Real action to go green has been sluggish because hydrogen has previously been isolated in petrochemical plants and has almost all hydrogen production has been fossil hydrogen, predominantly made from coal, petroleum and natural gas. That is changing rapidly by 2030 as the British Government has begun to inject significant funding into the green material, though much less than USA, Germany, Japan and China.
The author installed the first UK green hydrogen station in Birmingham University during 2007-8, refuelling 5 fuel cell battery cabs for the 50 PhD chemical engineering students that arrived in 2009. Only 10kg/day were required, contrasting with the first UK large ITM Power station delivering almost 1te/day green hydrogen opened in July 2020. The other 11 hydrogen stations in Britain at present may be slightly green but are still using significant fossil fuel to produce the product. These stations will lower emissions compared to dirty diesel but will not stop climate change.
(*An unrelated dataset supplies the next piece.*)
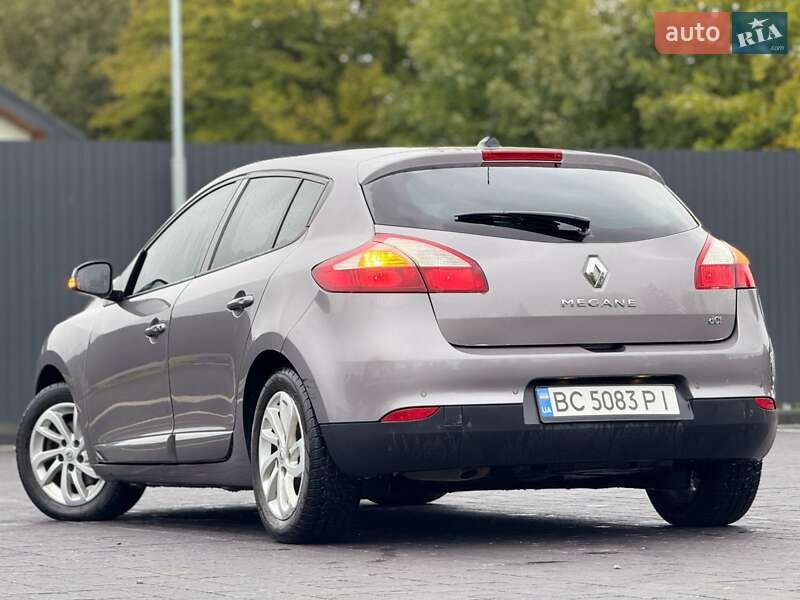 Хэтчбек Renault Megane 2013 в Самборе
That is the first question asked in this presentation ‘What do you mean, Green?’. Then the developments in Birmingham and around the world are summarised, with the key innovations defined. As a sideshow, the remarks of Elon Musk about this technology ‘Fool Cell; Mind bogglingly stupid’ are humorously demolished. He is amazingly rich, but completely wrong. The future may take another century, yet we are on the exponential way, if we can persuade our politicians that hydrogen needs both batteries and the grid but beats both in the end.